In 2015, the Swedish junior Mikael Ymer had a chance to hit with Novak Djokovic at Wimbledon, with both fighting for the titles at the All England Club, although in different age groups. Working hard on his game, the 22-year-old has been ranked inside the top-100 for a year now, having a chance to compete at Majors and chase the place in the top-50.

Five years after that practice session with Novak, Mikael faced world no. 1 in the first round of Roland Garros on Court Philipp-Chatrier on Tuesday. Describing his first experience on the massive court and the rival across the net, Ymer said it was a huge experience.
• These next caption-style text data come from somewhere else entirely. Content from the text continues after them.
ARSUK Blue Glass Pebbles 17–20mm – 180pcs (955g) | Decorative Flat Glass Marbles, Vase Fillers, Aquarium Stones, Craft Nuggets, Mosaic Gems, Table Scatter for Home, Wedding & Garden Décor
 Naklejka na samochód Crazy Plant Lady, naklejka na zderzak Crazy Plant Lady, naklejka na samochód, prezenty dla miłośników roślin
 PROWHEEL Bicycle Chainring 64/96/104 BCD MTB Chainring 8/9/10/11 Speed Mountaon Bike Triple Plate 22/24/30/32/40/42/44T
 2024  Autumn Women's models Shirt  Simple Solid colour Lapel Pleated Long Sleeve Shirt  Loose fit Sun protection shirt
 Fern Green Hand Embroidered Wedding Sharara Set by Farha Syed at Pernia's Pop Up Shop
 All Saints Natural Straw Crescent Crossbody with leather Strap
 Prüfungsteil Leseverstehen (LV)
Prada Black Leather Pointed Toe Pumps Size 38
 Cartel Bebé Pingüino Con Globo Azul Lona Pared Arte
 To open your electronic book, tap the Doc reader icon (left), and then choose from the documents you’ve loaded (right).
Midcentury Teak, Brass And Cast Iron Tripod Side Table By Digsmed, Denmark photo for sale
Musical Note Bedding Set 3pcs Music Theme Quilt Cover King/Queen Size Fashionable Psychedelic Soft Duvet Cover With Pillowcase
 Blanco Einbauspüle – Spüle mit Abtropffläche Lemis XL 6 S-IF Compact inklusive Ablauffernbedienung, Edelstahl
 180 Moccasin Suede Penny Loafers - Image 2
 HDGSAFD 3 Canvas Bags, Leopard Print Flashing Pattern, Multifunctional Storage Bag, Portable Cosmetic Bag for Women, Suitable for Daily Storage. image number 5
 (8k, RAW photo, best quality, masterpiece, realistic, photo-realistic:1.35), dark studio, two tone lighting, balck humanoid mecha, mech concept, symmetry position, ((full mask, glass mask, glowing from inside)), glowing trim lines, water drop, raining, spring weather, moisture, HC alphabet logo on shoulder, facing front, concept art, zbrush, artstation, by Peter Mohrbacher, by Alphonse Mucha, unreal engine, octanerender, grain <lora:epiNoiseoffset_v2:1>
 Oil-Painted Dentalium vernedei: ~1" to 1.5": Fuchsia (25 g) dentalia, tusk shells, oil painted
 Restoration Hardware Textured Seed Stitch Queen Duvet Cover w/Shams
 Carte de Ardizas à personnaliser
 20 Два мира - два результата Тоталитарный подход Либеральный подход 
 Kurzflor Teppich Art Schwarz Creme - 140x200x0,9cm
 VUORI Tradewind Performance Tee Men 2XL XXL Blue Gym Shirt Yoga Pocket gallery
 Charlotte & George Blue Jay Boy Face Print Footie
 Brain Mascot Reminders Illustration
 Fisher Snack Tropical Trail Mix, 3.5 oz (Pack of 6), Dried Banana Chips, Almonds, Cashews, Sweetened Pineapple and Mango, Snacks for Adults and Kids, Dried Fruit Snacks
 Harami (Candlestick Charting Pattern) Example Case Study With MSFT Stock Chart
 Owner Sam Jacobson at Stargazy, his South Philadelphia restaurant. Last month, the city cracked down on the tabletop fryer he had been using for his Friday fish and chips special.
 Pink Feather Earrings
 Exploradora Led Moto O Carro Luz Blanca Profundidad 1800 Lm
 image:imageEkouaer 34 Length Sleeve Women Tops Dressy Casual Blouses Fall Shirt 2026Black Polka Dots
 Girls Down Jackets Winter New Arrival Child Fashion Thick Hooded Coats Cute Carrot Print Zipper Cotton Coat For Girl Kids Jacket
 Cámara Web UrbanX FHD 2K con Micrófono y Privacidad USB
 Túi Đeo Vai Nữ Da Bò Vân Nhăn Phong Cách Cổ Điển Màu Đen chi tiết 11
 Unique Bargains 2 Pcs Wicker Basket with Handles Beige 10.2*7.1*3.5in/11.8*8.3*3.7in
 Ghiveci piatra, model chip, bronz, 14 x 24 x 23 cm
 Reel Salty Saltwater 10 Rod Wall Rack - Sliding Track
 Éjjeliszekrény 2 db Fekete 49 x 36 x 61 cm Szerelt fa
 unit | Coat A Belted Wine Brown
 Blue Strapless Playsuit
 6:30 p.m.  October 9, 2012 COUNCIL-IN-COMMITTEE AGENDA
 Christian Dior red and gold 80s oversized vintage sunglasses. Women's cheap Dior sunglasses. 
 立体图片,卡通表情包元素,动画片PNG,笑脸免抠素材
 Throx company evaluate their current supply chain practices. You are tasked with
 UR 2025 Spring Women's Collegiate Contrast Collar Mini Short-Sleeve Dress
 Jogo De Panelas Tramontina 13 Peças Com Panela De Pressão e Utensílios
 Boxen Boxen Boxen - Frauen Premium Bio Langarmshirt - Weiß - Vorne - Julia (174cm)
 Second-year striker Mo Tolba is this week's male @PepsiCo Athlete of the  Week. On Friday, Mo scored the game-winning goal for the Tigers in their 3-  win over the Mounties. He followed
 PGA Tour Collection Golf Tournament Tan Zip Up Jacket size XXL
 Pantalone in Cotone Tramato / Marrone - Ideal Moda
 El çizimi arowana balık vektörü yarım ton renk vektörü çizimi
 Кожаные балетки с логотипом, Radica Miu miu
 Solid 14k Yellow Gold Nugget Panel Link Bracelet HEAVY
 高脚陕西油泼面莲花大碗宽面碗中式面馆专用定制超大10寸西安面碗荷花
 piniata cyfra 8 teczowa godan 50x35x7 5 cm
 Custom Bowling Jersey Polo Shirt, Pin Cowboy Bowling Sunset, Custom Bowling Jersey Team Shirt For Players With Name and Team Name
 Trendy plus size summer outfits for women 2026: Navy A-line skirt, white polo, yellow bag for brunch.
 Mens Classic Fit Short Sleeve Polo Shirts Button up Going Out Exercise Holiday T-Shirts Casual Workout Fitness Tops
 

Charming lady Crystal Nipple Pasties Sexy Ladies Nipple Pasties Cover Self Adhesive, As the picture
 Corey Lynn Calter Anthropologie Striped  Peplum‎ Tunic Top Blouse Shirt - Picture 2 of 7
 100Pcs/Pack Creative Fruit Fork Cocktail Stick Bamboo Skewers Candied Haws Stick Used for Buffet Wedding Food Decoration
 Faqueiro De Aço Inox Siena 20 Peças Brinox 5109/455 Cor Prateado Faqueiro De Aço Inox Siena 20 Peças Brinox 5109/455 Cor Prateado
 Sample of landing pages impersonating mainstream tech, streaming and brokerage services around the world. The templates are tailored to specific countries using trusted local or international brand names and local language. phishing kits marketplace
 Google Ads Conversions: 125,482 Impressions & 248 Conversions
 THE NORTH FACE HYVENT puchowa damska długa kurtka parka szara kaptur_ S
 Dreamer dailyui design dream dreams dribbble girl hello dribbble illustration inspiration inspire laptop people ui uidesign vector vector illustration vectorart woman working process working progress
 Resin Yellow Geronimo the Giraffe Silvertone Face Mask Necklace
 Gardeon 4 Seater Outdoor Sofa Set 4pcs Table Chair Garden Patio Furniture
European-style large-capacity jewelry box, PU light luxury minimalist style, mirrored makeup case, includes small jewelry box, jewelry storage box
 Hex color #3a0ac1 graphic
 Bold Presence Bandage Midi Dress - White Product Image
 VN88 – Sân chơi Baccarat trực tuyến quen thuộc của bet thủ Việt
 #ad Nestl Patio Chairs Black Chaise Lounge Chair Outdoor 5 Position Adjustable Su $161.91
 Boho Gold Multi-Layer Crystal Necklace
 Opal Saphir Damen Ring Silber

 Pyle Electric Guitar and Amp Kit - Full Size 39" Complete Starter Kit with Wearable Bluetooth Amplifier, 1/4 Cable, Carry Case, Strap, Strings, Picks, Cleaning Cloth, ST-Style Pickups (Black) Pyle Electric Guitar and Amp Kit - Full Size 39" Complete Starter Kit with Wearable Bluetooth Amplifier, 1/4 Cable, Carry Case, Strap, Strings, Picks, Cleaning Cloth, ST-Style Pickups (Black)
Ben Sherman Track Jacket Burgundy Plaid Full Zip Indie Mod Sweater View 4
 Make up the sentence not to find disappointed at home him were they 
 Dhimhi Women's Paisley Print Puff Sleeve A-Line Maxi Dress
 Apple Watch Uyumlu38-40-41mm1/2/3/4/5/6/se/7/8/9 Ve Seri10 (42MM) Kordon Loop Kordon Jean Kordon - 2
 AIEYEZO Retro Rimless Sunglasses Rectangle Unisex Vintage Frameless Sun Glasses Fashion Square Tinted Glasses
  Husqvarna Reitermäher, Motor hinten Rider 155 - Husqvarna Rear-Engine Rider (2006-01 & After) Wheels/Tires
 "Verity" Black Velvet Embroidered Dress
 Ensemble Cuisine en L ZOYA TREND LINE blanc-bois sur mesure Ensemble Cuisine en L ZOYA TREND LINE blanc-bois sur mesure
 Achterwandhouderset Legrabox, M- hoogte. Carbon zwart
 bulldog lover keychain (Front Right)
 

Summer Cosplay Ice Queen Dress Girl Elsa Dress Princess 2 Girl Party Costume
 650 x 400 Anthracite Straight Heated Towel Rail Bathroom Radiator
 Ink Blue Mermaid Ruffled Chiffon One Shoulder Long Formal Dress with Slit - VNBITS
Novak beat him 6-0, 6-2, 6-3 in an hour and 37 minutes, with the Swede finding his strokes in sets two and three following a terrible opener. Explaining that opening set, Mikael said that Novak Djokovic at his 100% feels like when a snake kills its prey, with nothing you can do to stop him.

Djokovic got broken twice and converted eight opportunities on the return, firing 32 winners and 22 unforced errors to control the pace and race into the next round. Novak was the only player on the court in the first set, taking 24 out of 31 points and delivering a bagel.

The Serb hit ten winners and one unforced error, giving away three points on serve and stealing 12 out of 16 of the return ones to seize all three break chances and race in front. Under a closed roof of Court Philippe-Chatrier, Novak painted a backhand down the line winner to grab a break at 15 in the first game.

World no. 1 then held at 30 to confirm the lead, stealing Mikael's serve for the second time when the Swede sprayed a forehand error in game three. Novak held at love with a forehand down the line winner to extend the lead to 4-0 in swift 14 minutes, landed a return winner for the third break and sealed the opener soon after that following a forced error from the youngster.

Mikael Ymer won five games against Novak Djokovic at Roland Garros.

In set number two, Djokovic started to make more mistakes, suffering one break and stealing Mikael's serve thrice in a row for 6-2. Ymer held at 15 in the first game to add his name on the scoreboard, with Novak making the result event at 1-1 with a drop shot winner.

The Serb grabbed a break after a terrible backhand from the Swede at the net, only to get broken at 15 in game four when his drop shot failed to pass the net. Staying composed, Djokovic stole Ymer's serve in game five to grab another advantage, holding at 30 with a backhand winner in the next one despite a beautiful tweener winner from his opponent.

Djokovic forced a mistake from Ymer in game seven to secure a break and move 5-2 up, sealing the set with a volley winner a few minutes later to wrap up two sets in under an hour. Mikael held in the first game of the third set with a service winner, suffering a break at 1-1 thanks to a miserable forehand at the net.

Novak confirmed the advantage with a forehand winner at the net in game four, losing ground a bit at 3-2 when he hit a double fault to hand the break to Mikael, who leveled the score at 3-3. The youngster claimed the previous two games to remain in touch, only to give serve away again in game seven when Djokovic landed a backhand crosscourt winner.

The Serb held at love with a service winner to gain a 5-3 advantage, creating a match point with a forehand winner in the next game and moving over the top with another one to secure the place in round two. "It felt like when a snake kills its prey.

He hits it pretty big. I had chances to rally, but then I got suffocated. It was corner to corner, and he rarely misses. At the beginning, it was just surreal. The court felt big, and I was nervous because I was facing the best on the other side," Mikael Ymer said.